PROBLEM:
Reproduce, without any change, the span of lines from the opening of the records below to the line containing "Video thumbnail for", inclusive.

DATA EXTRACTS:

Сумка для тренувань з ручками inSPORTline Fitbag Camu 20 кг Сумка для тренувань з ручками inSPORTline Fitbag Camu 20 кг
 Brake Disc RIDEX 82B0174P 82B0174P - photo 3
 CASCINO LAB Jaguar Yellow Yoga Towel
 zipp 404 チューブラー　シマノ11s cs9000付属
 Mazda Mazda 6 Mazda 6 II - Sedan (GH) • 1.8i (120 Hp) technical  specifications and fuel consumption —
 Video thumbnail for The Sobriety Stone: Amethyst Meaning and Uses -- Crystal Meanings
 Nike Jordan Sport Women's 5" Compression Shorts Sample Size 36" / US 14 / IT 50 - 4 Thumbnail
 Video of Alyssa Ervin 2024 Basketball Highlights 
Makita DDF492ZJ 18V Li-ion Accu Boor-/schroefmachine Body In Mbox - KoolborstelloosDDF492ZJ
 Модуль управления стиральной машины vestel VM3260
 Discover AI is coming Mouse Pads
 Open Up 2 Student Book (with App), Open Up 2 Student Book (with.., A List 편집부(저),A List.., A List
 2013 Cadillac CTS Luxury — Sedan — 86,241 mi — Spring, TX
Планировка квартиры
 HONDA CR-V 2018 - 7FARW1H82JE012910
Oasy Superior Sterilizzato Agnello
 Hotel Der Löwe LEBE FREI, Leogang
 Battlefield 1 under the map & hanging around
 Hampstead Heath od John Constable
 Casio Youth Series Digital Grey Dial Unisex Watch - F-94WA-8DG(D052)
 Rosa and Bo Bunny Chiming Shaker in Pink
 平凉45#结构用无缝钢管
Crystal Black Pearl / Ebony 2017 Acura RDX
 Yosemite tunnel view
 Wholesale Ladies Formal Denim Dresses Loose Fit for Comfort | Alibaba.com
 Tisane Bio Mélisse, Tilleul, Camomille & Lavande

EXERCISE RESULT:
Сумка для тренувань з ручками inSPORTline Fitbag Camu 20 кг Сумка для тренувань з ручками inSPORTline Fitbag Camu 20 кг
 Brake Disc RIDEX 82B0174P 82B0174P - photo 3
 CASCINO LAB Jaguar Yellow Yoga Towel
 zipp 404 チューブラー　シマノ11s cs9000付属
 Mazda Mazda 6 Mazda 6 II - Sedan (GH) • 1.8i (120 Hp) technical  specifications and fuel consumption —
 Video thumbnail for The Sobriety Stone: Amethyst Meaning and Uses -- Crystal Meanings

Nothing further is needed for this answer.